In-Depth Guide: What Is Cellular Data & How Does It Work?

Now You Know

Cellular data is equally important as a mobile phone. Most of the time we would agree that a mobile phone can do wonders. But, truth is, without mobile data, your smartphone is just like any other regular phone. As much as you would like to stay connected on your blog or social media, without an internet connection, that’s simply impossible. In many scenarios, connectivity is imperative in our lives. But how much do you really know about cellular data and how does it actually work? Here are the essentials you need to get a good grasp of cellular data.


Cellular tower for data reception
©Photo by Republica on Pixabay

What Is Cellular Data?

There are usually two ways you can connect to the internet: WiFi network or cellular data. While both of these use radio waves, WiFi covers a limited area and cellular data, on the other hand, lets you connect as long as you’re in a geographical area covered by your mobile network carrier.

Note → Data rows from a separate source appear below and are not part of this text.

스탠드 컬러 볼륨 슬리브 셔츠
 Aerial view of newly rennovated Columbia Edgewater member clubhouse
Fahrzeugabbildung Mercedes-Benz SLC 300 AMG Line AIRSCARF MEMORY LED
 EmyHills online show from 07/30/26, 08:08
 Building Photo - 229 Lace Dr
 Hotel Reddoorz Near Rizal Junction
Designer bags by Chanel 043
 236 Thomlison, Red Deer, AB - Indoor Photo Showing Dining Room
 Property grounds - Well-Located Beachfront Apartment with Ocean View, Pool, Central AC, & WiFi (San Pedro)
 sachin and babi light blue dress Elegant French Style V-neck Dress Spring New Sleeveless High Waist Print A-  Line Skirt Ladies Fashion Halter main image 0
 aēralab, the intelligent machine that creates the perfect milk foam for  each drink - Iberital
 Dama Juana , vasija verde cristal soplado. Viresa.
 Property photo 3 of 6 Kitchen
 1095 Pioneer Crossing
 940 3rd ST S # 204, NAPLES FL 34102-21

Does WiFi use cellular data? The simple answer is no. Though they both use radio frequencies, their connections are independent of each other. So, you don’t have to worry about running out of your data allotment if you’re connected to the internet via WiFi.

Generally, cellular or mobile data is the technology that lets you connect wirelessly using cell towers that transmit and receive radio signals. While the modern-day use of cellular data is starting to lean more toward connecting to the internet, cellular network technology is the one that originally enables us to have calls or send texts wirelessly.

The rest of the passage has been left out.